• Kino
  • Mapa
  • Ogłoszenia
  • Forum
  • Komunikacja
  • Raport

Autobus utrudniał jazdę przez kontrapas?

Joanna
24 lipca 2016 (artykuł sprzed 7 lat) 
aktualizacja: godz. 15:41 (25 lipca 2016)
Najnowszy artykuł na ten temat Gdynia: kontrapas będzie bezpieczny
Jazda po kontrapasie sprawia trudności rowerzystom, ale problemy z przepisami mają nawet kierowcy autobusów. Jazda po kontrapasie sprawia trudności rowerzystom, ale problemy z przepisami mają nawet kierowcy autobusów.

Kierowców przekonanych, że na kontrapasie wzdłuż ul. 3 Maja zobacz na mapie Gdyni w Gdyni rowerzyści mają obowiązek jeździć w obydwie strony, nie ubywa. Gdy prawidłowo jadą ulicą, zaczyna się trąbienie i zajeżdżanie drogi. Przepisów nie znają także... kierujący autobusami - twierdzi nasza czytelniczka, pani Joanna. A ZKM odpowiada, że rowerzystka także popełniła wykroczenie.
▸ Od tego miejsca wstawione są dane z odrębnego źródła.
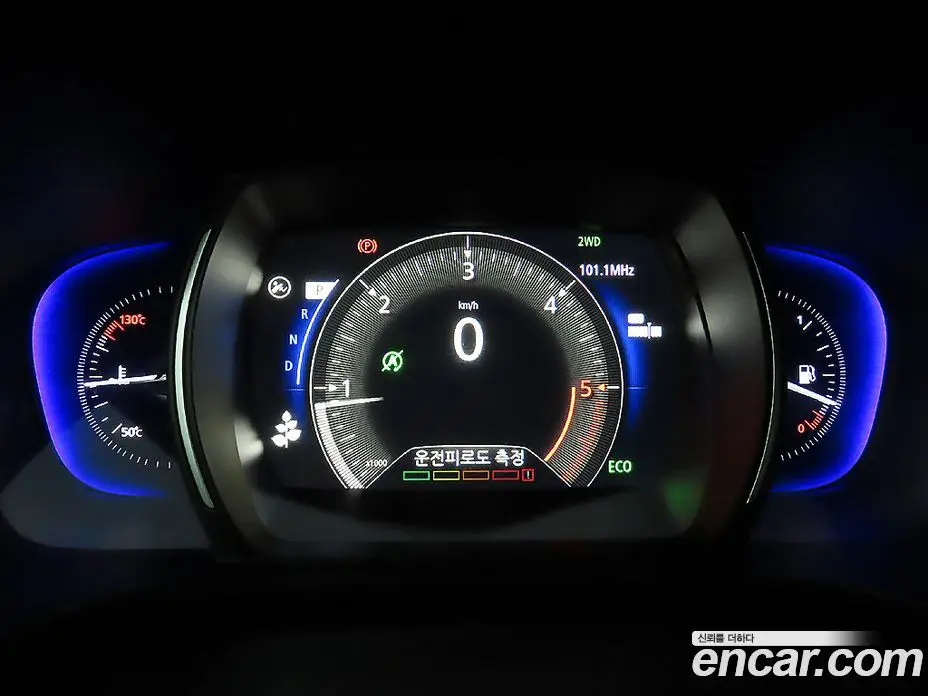 Renault (Samsung) QM6 2017 2.0 автомат (гидро), фото 9 Renault (Samsung) QM6 2017 2.0 автомат (гидро), фото 9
Czy zdarza ci się zatrąbić lub pouczać nieprawidłowo jadących kierowców?

O tym, jakie przepisy obowiązują na kontrapasie rowerowym w centrum Gdyni pisaliśmy kilka tygodni temu. Fundamentalną sprawą jest fakt, że rowerzyści jadą nim w kierunku przeciwnym do ruchu samochodów. Rowerzysta jadący w kierunku ul. Obrońców Wybrzeża musi poruszać się jezdnią. Jak się okazuje, ta prosta reguła wciąż nie jest dla wszystkich jasna.

Trudno wymagać znajomości zasad od wszystkich kierowców aut. Kierujący autobusami powinni je jednak znać doskonale, zwłaszcza że ul. 3 Maja jeździ kilka linii. Przykład pani Joanny pokazuje, że to wcale nie takie oczywiste.
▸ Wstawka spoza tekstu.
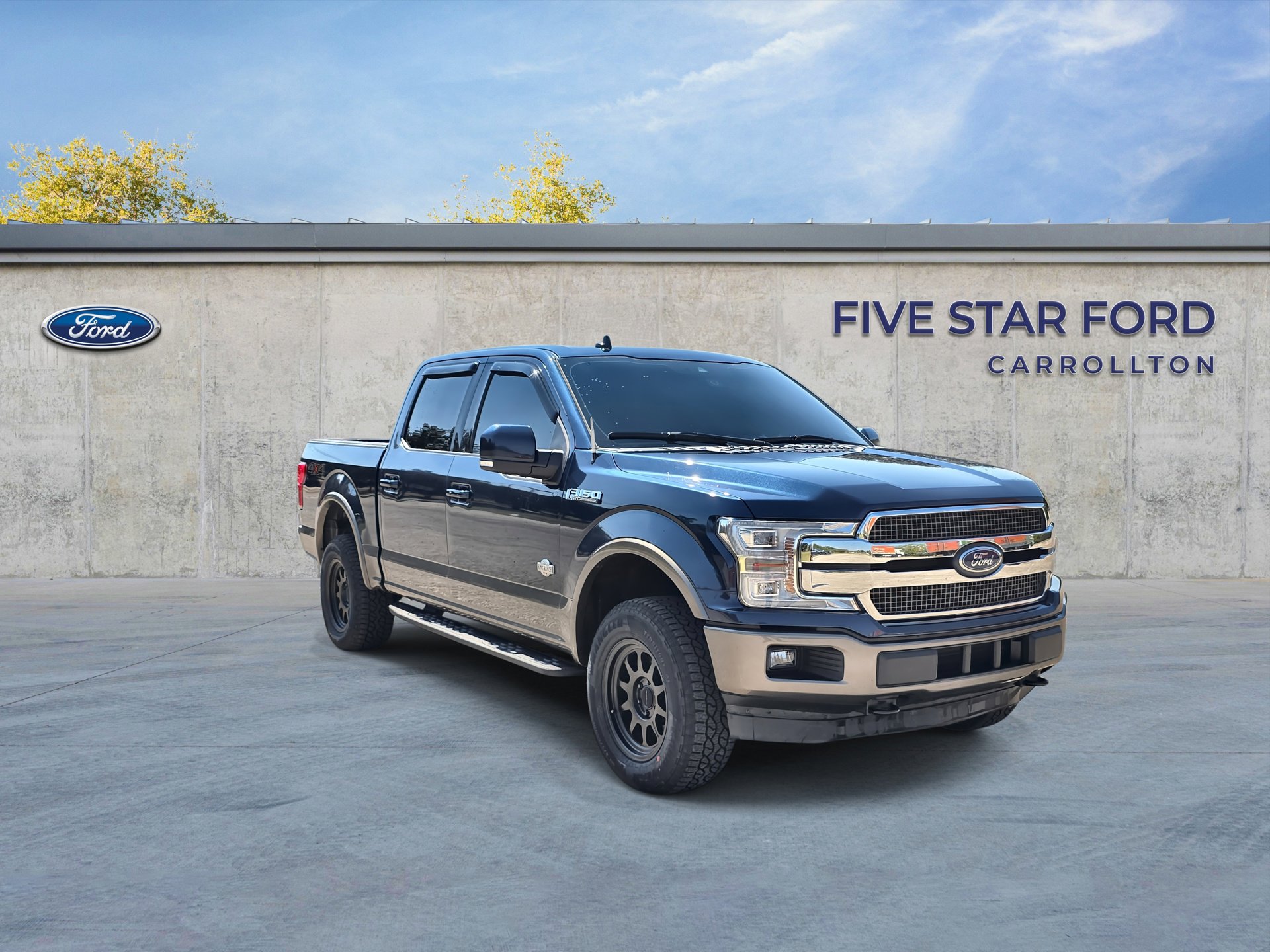 Used 2020 Ford F150 King Ranch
Oto jej relacja z jazdy rowerem po ulicy w towarzystwie przegubowego autobusu

19 lipca jechałam rowerem ul. 3 Maja w kierunku Sopotu, zgodnie z przepisami ruchu drogowego. Na całej długości ulicy są znaki poziome i pionowe informujące, że kontrapas jest tylko dla rowerzystów jadących "pod prąd". Nie jest jednak rzadkością zajeżdżanie drogi, trąbienie, wyprzedzanie z następującym po tym gwałtownym hamowaniem.

Od zawodowych kierowców autobusów komunikacji miejskiej należy oczekiwać większej kultury, wyrozumiałości i przede wszystkim znajomości znaków i przepisów ruchu drogowego.
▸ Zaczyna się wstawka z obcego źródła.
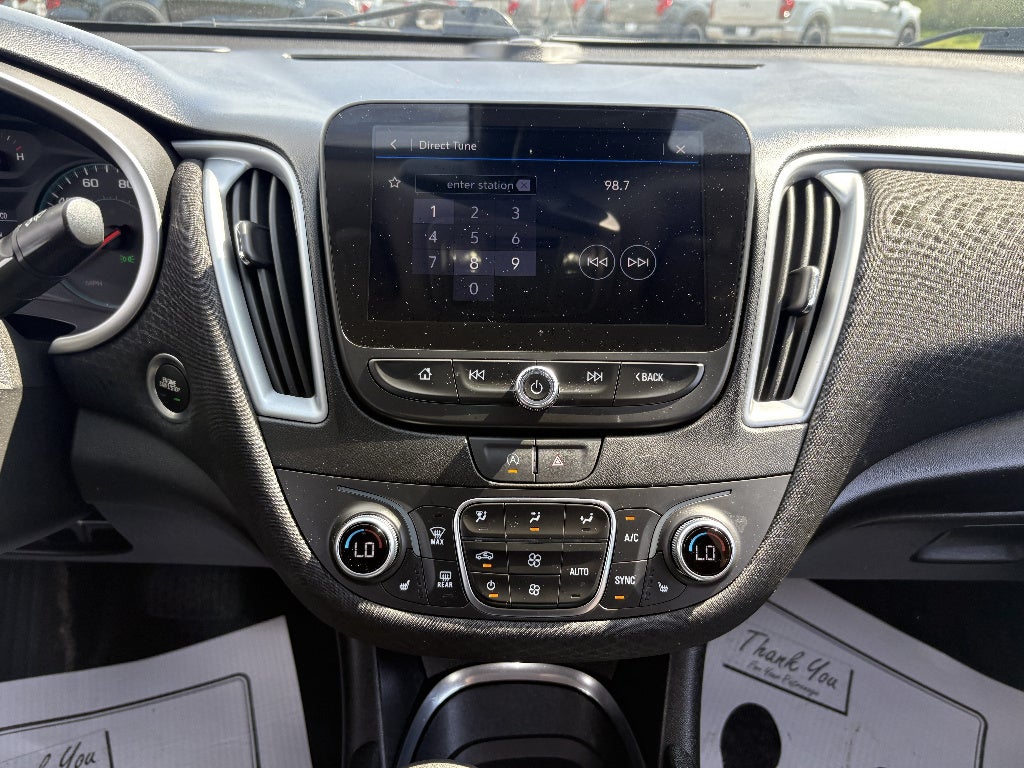 2023 Chevrolet Malibu LT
Ruszyłam na światłach na skrzyżowaniu 3 Maja i 10 Lutego zobacz na mapie Gdyni. Trzymałam się prawej strony, tak aby inne pojazdy mogły mnie wyprzedzić bez problemu. Za mną jechała rowerzystka, następnie samochód osobowy i autobus przegubowy. Samochód wyprzedził mnie zaraz za skrzyżowaniem, następnie kierowca autobusu zaczął przyspieszać i wyprzedzać dwa jednoślady. Za skrzyżowaniem jest kolejne przejście dla pieszych i zwężenie ulicy.

Niestety kierowca nie zachował bezpiecznej odległości i zostałam zmuszona do gwałtownego hamowania. Gdybym ostro nie zahamowała, to z pewnością zostałabym potrącona i zepchnięta z drogi lub wpadłabym pod tył autobusu. Dodatkowo kierowca skręcając w ulicę Armii Krajowej bezczelnie patrzył się na mnie przez boczną szybę z uśmiechem, dając do zrozumienia, że zrobił to celowo.

Jestem zbulwersowana zachowaniem kierowcy, po całej sytuacji byłam w szoku, nie mogłam się uspokoić. Kierowcy nie mogą okazywać wydumanej wyższości nad rowerzystami, gdyż w starciu z tak dużym pojazdem nie mamy szans. Uważam, że jest to tylko kwestią szczęścia, że z całej tej sytuacji wyszłam bez urazów fizycznych.

Odpowiedź Zarządu Komunikacji Miejskiej, którą otrzymaliśmy w poniedziałek

Cała sytuacja nie miała miejsca na kontrapasie - tytuł artykułu wprowadza więc czytelników w błąd. Co więcej, na ul. 3 Maja, pomiędzy ulicami Starowiejską i 10 Lutego, dwie rowerzystki w tym czytelniczka korzystały z kontrapasa rowerowego niezgodnie z przepisami - jechały nim pod prąd.

Bezpośrednio przed skrzyżowaniem obydwie panie dość dynamicznie wyjechały z pasa rowerowego na środkowy pas - a druga z nich uczyniła to bez oglądania się, jedynie sygnalizując zamiar skrętu wystawieniem ręki. Manewr ten wykonany został bezpośrednio przed jadącym autobusem przegubowym linii R i zmusił jego kierowcę do silnego, awaryjnego hamowania.

Pierwsza z Pań przejechała pomiędzy samochodami na przejście dla pieszych i tam ustawiła się do ruszenia po zmianie świateł, druga dołączyła do niej dopiero po chwili. Wskutek tego manewru obie panie ruszyły na światłach jako pierwsze.

Opisywane zdarzenie spowodowało zapewne negatywne nastawienie do kierowcy do obydwu rowerzystek, dlatego podczas ich wyprzedzania kierowca rzeczywiście przejechał zbyt blisko nich.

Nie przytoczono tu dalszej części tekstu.